The smaller one (blue one) is the one I saw calling. He was the runt of the group and was bullied by the other male. So, he's not as big as the others. 

The larger one (teal) I'm not sure about.


----------



## frogface (Feb 20, 2010)

Here are some more pics of 'her'. I'm having trouble with her body shape but her toes look female to me. I don't have any more pics of them side by side and I don't want to put them through all that again 














































Thanks!


----------



## billschwinn (Dec 17, 2008)

Well I am not as sure as the other pair, but pair #2 looks like a possible pair, the female #2 is not as stout as the other one.


----------



## frogface (Feb 20, 2010)

Thanks, Bill. That's where I am with these guys too. I'm hoping for a pair and leaning that way but I guess the little one calling at the bigger one could have just been his way of being big man in the tank. 

The Lorenzos will be relieved that I have a different pair of frogs to stalk and stare at, now.


----------



## frogface (Feb 20, 2010)

If I tossed the probable female from group #1 in with them, would they compete for her if they are both male? If the teal one is female, will there be competition the females for the male?

Or maybe I should just leave them alone


----------



## billschwinn (Dec 17, 2008)

You could try that, it just may work.


----------



## frogface (Feb 20, 2010)

Ok, I put my presumed female in with the mystery pair a couple days ago. Today she is in the hut with the male. The unsexed teal one doesn't seem to care one way or the other. 
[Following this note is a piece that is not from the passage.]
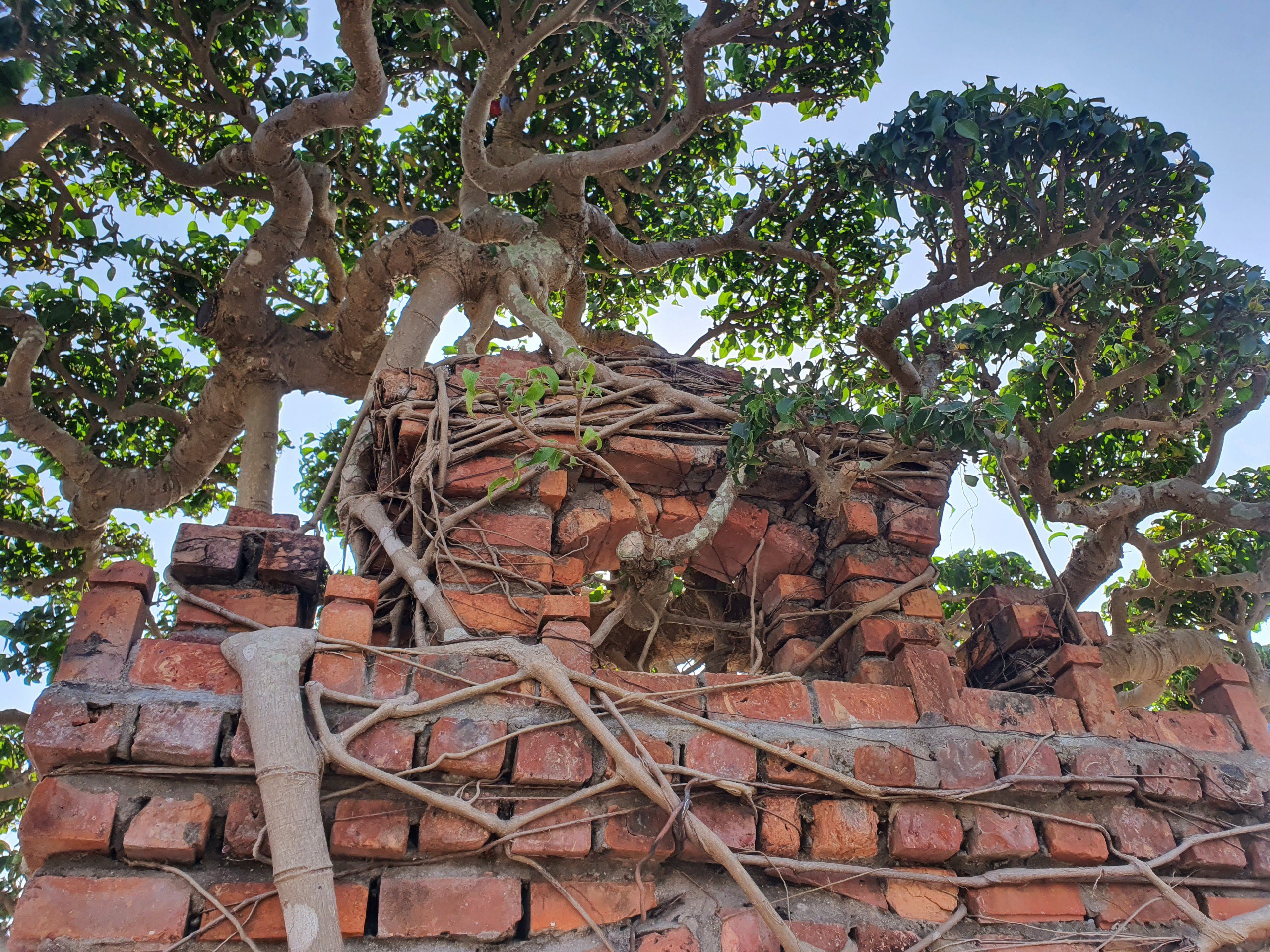 Để cổng làng mang nét cổ xưa nhất, từng viên gạch được chọn để làm cũng là gạch mộc, không trát.&nbsp;(Ảnh: Hồng Cảnh).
So, I guess I haven't figured anything out, but, maybe I'll get some babies


----------



## Ben Wehr (Jan 23, 2011)

The one with the stripe across the head/neck looks male


----------



## frogface (Feb 20, 2010)

Ben Wehr said:


> The one with the stripe across the head/neck looks male


Probably. I was hoping that when I put the female in there, either 2 females would be chasing around my little male or 2 males would be sitting on the log calling like dueling banjos. 

I just wish he/she would do something. Either call or lay an egg.


----------



## chadbandman (Dec 3, 2007)

So mine were 6 months old in June 2010. I'm not sure of the sexes but 1 is calling.They've started to change to the adult SB color. For the longest time I thought they were the same as green and bronze dumb me.


----------



## frogface (Feb 20, 2010)

Beautiful! Which one is calling?


----------



## chadbandman (Dec 3, 2007)

The second one is calling. The first one I think is a small female. The third is larger that the others I think is a female. The 1&3 have that real hieroglyphic look to them.


----------



## frogface (Feb 20, 2010)

Interesting. Your female #1 looks like my female from my pair #1 and your #3 'maybe female' looks like my 'maybe female' from my pair #2 (based on body shapes).


----------